We can survive for a while with just a small spark of life in our hearts. That little spark gets us from place to place --dishes get washed, work gets done. Life moves along but just barely. Time drags us by the hand into the next day and the next.
Living on just that tiny spark in your gut works fine until the day something drastic happens and it feels like the temperature drops in your life...or in your bedroom. Life and bedrooms get cold for lots of reasons and most of them surprise us. We end up wishing we had started a blazing fire of passion and energy back when our fingers worked and we knew where the matches were.
How do we keep a fire going? How do we restart one when it's just barely a spark anymore?
When you are in a cold time, it can feel impossible to get the fire going again, but I promise it is possible. There are actually only a couple things we need to have a great marriage that burns with a fire that can keep you warm on the coldest days. These couple things are a simple but constant challenge. Start now. Once you take the first two tools firmly in hand, the whole world of possibilities opens up. Whether you are married or not, you can start thinking on these. It's never too early or too late. They apply to everyone:
When you get married, you marry that person's body and soul throughout the entirety of their lives.
- I did not marry my husband's mind alone - nor his romantic side, his humor, or his body. Step one is realizing that when we get married, we marry the entire person and are committing ourselves to the care and love of the entire person. When we try to get away with only loving parts of them and hoping the rest just sits quietly in the back, we are setting ourselves up for a cold future. Love the whole person -- love their neck, love their lips, their inner thighs, love their laugh, love their voice, love their personality, love the way they say "Good Morning". Actively develop a love for each and every part. Then, show that love through actions.

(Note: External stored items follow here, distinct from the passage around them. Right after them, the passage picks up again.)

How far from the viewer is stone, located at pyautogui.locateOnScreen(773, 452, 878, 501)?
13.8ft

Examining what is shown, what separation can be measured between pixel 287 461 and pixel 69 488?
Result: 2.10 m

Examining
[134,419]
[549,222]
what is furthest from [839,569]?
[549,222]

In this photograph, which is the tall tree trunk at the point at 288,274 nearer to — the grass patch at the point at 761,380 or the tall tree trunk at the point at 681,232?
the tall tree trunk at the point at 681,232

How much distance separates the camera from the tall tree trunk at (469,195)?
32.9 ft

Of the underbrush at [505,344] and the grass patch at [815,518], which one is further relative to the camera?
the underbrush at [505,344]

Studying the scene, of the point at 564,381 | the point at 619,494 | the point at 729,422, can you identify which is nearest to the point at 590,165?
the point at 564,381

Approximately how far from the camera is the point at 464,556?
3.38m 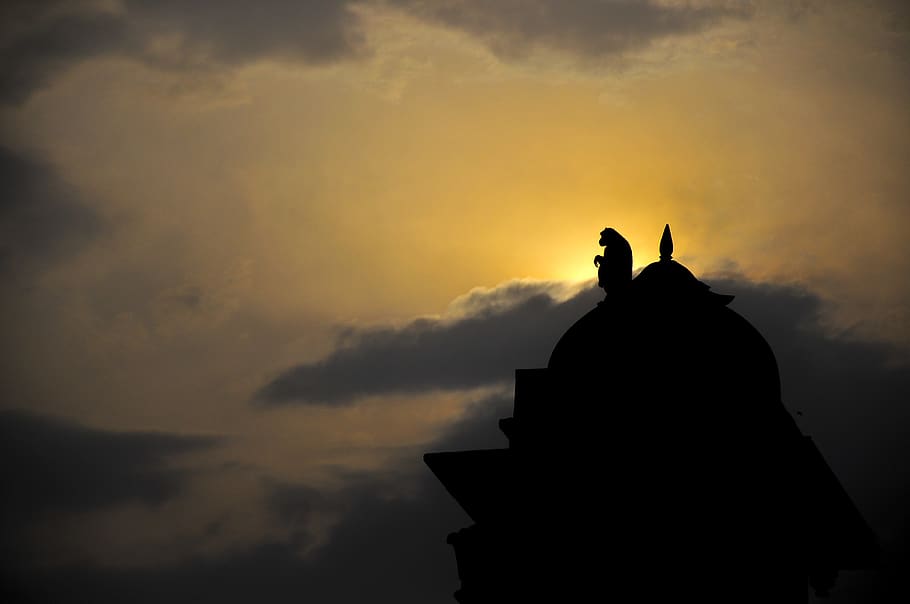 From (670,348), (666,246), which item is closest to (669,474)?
(670,348)

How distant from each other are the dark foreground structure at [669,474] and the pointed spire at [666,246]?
0.09 ft

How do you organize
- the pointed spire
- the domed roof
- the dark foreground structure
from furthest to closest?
the pointed spire < the domed roof < the dark foreground structure

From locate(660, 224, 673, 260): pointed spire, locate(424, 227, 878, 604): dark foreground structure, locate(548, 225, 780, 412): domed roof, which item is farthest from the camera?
locate(660, 224, 673, 260): pointed spire

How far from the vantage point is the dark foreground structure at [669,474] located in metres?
9.55

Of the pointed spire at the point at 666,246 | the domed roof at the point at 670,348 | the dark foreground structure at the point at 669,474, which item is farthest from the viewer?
the pointed spire at the point at 666,246

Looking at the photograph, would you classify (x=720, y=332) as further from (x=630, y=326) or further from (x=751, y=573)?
(x=751, y=573)

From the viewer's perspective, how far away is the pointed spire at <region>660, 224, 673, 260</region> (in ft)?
38.8

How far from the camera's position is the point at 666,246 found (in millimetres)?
11883

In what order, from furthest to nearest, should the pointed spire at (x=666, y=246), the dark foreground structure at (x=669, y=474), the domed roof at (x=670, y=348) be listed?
the pointed spire at (x=666, y=246)
the domed roof at (x=670, y=348)
the dark foreground structure at (x=669, y=474)

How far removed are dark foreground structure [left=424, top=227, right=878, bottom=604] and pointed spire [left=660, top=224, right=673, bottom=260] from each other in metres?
0.03

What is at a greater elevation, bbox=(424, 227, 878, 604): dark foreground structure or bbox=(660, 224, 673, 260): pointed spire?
bbox=(660, 224, 673, 260): pointed spire

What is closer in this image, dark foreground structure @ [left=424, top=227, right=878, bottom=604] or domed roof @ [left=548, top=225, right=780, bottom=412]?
dark foreground structure @ [left=424, top=227, right=878, bottom=604]

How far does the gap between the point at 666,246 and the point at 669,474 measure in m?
2.98

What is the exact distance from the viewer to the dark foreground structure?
9547mm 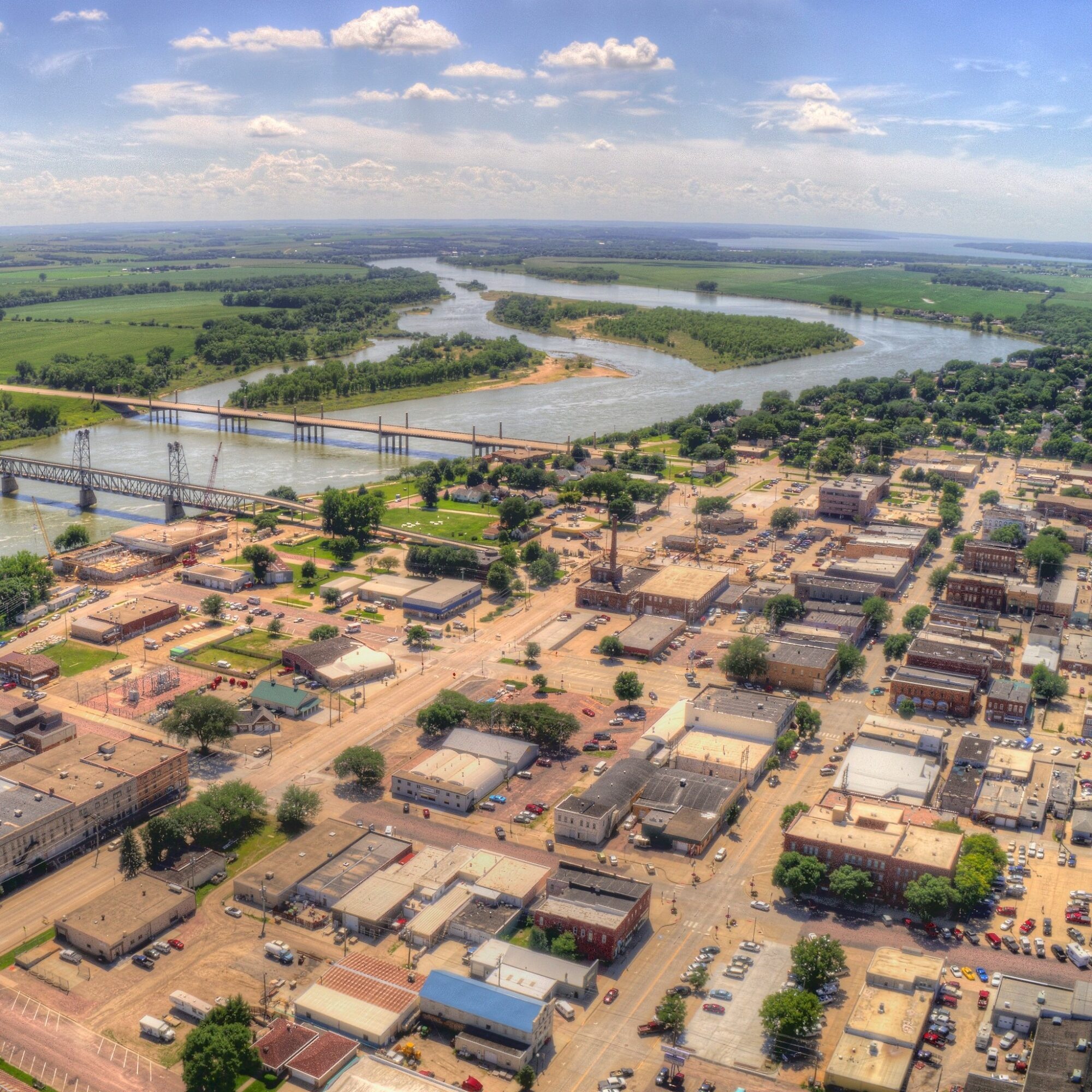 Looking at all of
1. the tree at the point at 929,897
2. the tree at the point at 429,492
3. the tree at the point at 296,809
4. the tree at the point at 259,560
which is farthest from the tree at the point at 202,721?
the tree at the point at 429,492

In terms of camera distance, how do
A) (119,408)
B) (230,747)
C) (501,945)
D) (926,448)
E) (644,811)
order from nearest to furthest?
1. (501,945)
2. (644,811)
3. (230,747)
4. (926,448)
5. (119,408)

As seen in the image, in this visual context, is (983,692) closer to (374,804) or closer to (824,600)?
(824,600)

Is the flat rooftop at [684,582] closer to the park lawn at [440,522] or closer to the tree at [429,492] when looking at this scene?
the park lawn at [440,522]

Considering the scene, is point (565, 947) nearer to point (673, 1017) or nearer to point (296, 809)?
point (673, 1017)

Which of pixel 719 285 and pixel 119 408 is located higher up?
pixel 719 285

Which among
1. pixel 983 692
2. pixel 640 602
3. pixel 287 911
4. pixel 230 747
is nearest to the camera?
pixel 287 911

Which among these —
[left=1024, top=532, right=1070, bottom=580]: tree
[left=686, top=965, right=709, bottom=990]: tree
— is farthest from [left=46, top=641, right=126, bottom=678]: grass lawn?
[left=1024, top=532, right=1070, bottom=580]: tree

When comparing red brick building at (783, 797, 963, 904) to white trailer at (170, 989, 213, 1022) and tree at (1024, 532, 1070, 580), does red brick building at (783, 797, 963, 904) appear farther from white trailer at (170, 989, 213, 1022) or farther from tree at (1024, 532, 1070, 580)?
tree at (1024, 532, 1070, 580)

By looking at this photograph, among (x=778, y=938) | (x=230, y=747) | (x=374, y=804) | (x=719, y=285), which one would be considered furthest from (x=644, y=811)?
(x=719, y=285) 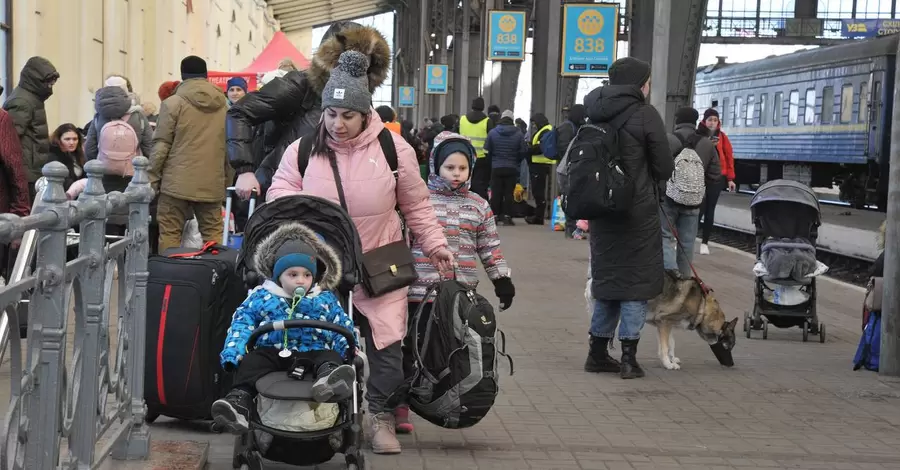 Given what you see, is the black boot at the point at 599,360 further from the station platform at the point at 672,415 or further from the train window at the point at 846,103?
the train window at the point at 846,103

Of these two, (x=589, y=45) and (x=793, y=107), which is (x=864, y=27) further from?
(x=589, y=45)

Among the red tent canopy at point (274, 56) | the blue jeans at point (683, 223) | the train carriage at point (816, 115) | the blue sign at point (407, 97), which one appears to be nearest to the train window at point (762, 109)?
the train carriage at point (816, 115)

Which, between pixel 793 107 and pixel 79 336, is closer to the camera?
pixel 79 336

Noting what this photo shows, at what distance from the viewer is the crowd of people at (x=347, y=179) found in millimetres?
5754

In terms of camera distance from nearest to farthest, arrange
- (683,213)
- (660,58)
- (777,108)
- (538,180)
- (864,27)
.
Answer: (683,213), (660,58), (538,180), (777,108), (864,27)

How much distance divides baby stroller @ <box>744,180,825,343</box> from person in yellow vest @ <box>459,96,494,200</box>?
38.9 feet

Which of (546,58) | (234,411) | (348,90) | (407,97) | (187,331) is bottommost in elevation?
(234,411)

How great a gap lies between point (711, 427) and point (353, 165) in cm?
241

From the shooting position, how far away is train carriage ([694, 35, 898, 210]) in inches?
1028

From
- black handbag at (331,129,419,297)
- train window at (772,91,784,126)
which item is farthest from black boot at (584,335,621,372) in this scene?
train window at (772,91,784,126)

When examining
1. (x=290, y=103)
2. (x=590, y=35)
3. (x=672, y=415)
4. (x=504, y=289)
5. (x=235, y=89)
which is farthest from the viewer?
(x=590, y=35)

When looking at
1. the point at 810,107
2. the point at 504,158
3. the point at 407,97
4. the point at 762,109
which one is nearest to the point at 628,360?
the point at 504,158

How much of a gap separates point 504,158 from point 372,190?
15.5m

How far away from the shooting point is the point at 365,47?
6473mm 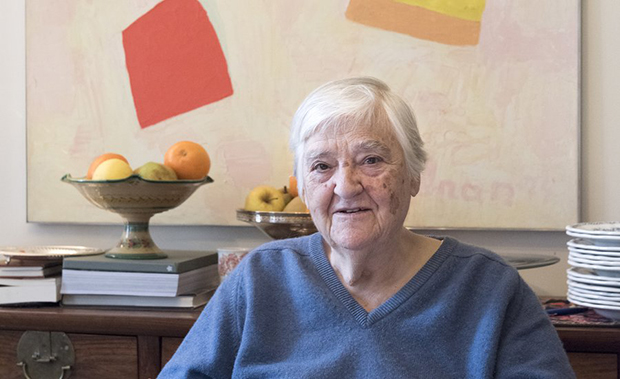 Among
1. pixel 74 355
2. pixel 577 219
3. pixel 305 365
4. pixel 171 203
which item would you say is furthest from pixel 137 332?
pixel 577 219

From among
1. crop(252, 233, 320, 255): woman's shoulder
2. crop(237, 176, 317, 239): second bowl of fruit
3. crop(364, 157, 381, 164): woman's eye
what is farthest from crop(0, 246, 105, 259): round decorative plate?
crop(364, 157, 381, 164): woman's eye

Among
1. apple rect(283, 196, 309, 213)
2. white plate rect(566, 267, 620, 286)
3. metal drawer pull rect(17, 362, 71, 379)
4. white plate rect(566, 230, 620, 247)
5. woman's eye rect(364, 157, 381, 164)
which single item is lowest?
metal drawer pull rect(17, 362, 71, 379)

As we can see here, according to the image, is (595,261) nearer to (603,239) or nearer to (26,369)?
(603,239)

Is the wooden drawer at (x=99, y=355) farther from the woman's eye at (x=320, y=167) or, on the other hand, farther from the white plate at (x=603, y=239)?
the white plate at (x=603, y=239)

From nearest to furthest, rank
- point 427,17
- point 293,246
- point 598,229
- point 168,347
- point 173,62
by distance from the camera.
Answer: point 293,246 → point 598,229 → point 168,347 → point 427,17 → point 173,62

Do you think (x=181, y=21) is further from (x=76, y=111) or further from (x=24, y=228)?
(x=24, y=228)

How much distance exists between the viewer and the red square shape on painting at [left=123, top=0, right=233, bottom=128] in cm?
214

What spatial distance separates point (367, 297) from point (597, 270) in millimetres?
538

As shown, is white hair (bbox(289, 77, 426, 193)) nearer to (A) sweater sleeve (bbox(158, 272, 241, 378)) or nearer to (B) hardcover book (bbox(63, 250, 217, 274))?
(A) sweater sleeve (bbox(158, 272, 241, 378))

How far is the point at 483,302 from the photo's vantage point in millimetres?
1370

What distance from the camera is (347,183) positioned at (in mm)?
1334

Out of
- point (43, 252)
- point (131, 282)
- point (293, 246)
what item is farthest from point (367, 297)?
point (43, 252)

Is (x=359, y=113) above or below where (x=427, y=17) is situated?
below

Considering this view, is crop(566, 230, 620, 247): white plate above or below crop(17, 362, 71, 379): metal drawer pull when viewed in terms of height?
above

- I did not marry my husband on our wedding day alone - I married the versions of him I would know each and every day throughout our lives... and he is a changing, living being. He is different everyday. So, I remarry him everyday. Tool two is realizing that when we get married, we marry the entire person throughout the days of their life. When I try to get away with loving a past or future version of him, I am not living up to my vows to love the real man. The only "real" version of your spouse you will ever know is the one alive right here and right now. THIS is who you've chosen to love.
Once we stop fighting against these two truths, we are ready to get down to the real fun. Love and Making It is the exploration and celebration and pleasure of the WHOLE person. The whole person who is right here, in this present moment, needing to be loved, and loved well.